WHAT IS NEEDED
Omit the pictures and extract only the lines from the line containing "Desktop flows can" to the end of the material, each exactly as written.

--- SUPPLIED INFORMATION ---

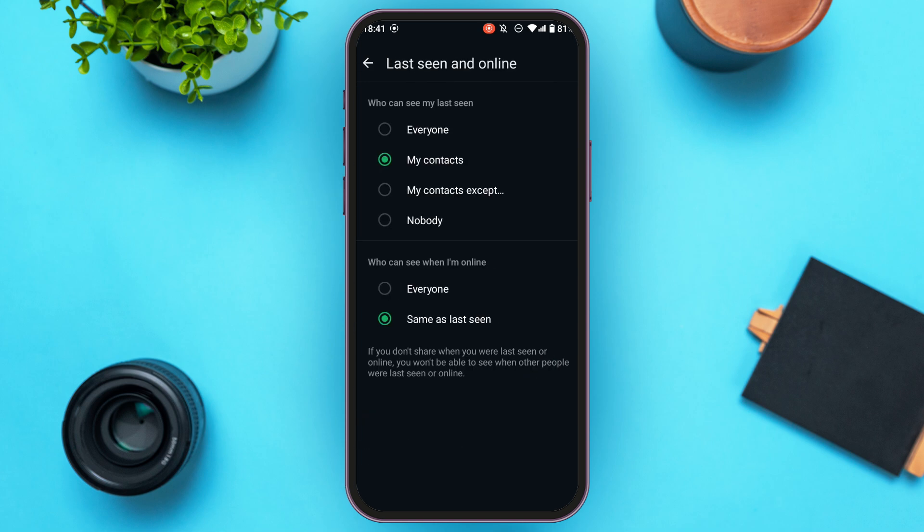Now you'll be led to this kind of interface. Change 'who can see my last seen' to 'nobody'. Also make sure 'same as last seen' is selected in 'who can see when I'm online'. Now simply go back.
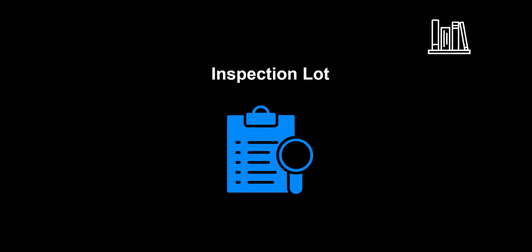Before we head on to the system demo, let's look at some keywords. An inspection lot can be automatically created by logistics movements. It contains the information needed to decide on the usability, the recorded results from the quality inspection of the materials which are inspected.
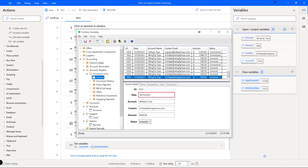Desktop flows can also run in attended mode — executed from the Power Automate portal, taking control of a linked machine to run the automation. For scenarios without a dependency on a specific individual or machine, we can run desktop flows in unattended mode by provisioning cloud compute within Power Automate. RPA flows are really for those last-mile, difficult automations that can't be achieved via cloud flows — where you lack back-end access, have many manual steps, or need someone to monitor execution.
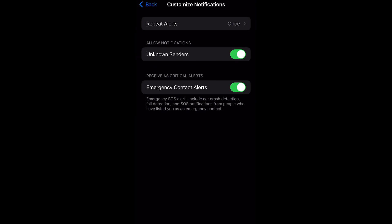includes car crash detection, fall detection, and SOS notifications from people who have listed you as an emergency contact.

---

ANSWER BOX
Desktop flows can also run in attended mode — executed from the Power Automate portal, taking control of a linked machine to run the automation. For scenarios without a dependency on a specific individual or machine, we can run desktop flows in unattended mode by provisioning cloud compute within Power Automate. RPA flows are really for those last-mile, difficult automations that can't be achieved via cloud flows — where you lack back-end access, have many manual steps, or need someone to monitor execution.
includes car crash detection, fall detection, and SOS notifications from people who have listed you as an emergency contact.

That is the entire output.